There’s nothing intrinsically sinister about administrative reorganisation, of course, and one can understand that a certain amount of streamlining might well be justified in order to save costs at a time of economic challenge. However, there are worrying signs about this particular change.

One thing is that the new post has only been advertised to civil servants. Apparently there will no longer be a scientist in a position to speak up for science among the higher management of BIS. Adrian Smith is not only an effective manager – as demonstrated by his past success as Principal of Queen Mary, University of London – but is also a respected figure in the field of mathematical statistics. I suspect this combination of skills and gravitas played a big role in securing a reasonably satisfactory outcome for science in the CSR.

Another worrying thing is that the planned reorganisation apparently hasn’t even been discussed with the government’s Chief Scientific Adviser, John Beddington. Former Chief Scientific Advisor Lord May has reacted angrily to the new proposals, calling them “stupid, ignorant and politically foolish”. Strong stuff.

On top of all this is the apparent ambivalence expressed by the Minister for Universities and Science, David Willetts, about the Haldane Principle, which has underpinned British science policy for decades. Roughly speaking, this principle states that it should be researchers rather than politicians who should decide where research funds should be spent.

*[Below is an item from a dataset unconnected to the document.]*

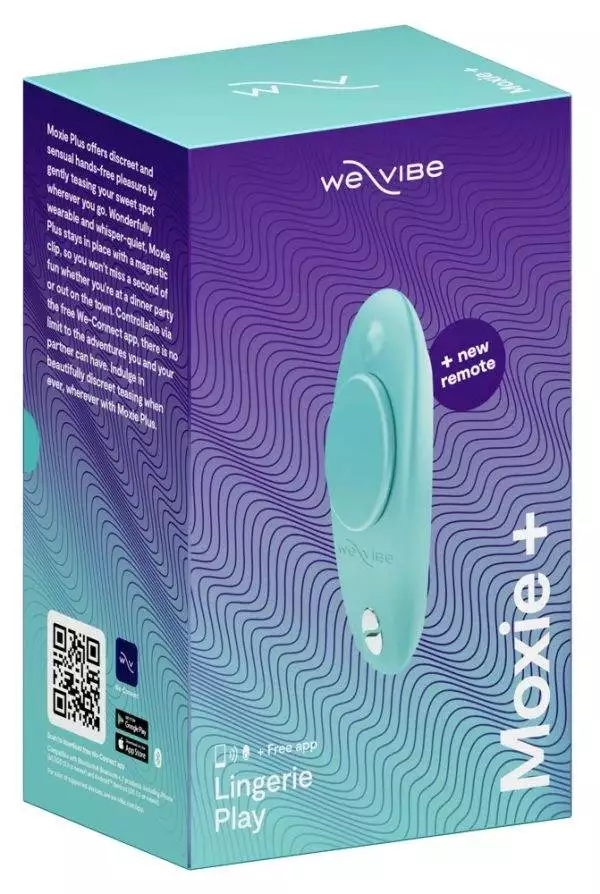 We-Vibe Moxie+ Auflegevibrator, diskret, leise, wiederaufladbar, Silikon – Verpackung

Willetts recently responded to a question about the Haldane Principle in the form of a Parliamentary written answer:

The Haldane principle is an important cornerstone for the protection of the scientific independence and excellence. We all benefit from its application in the UK.

The principle that decisions on individual research proposals are best taken by researchers through peer review is strongly supported by the coalition Government. Prioritisation of an individual research council’s spending within its allocation is not a decision for Ministers. Such decisions are rightly left to those best placed to evaluate the scientific quality, excellence and likely impact of scientific programmes.

The Government do, however, need to take a view on the overall level of funding to science and research and they have decided to protect and to ring fence the science and research budget for the next four years. This decision has been made in the context of the current economic status of the UK and the strategic importance of research funding, while recognising the value of science to our future growth, prosperity and cultural heritage.

Over the years there has been some uncertainty over the interpretation of the Haldane principle. I intend to clarify this is a statement which will be released alongside the science and research budget allocations towards the end of this year. In order that this statement has the consent of the research community, I intend to consult with senior figures in the UK science and research community to develop a robust statement of the Haldane principle.

A superficial reading of this does start out by giving the impression that it strongly supports the  principle. However, I’m not aware of what  “uncertainty” there is over its application that requires such clarification. I rather think this is being put up as  an excuse to limit its scope, i.e. that the uncertainty is more about how the political establishment can get around it rather than what it actually means.

The fact that the  “robust statement” of a Revised Version of the  Haldane Principle is going to be wheeled out just when the allocations to the research councils are announced makes me very nervous that its prime function will be to justify big cuts in fundamental science in favour of applied research.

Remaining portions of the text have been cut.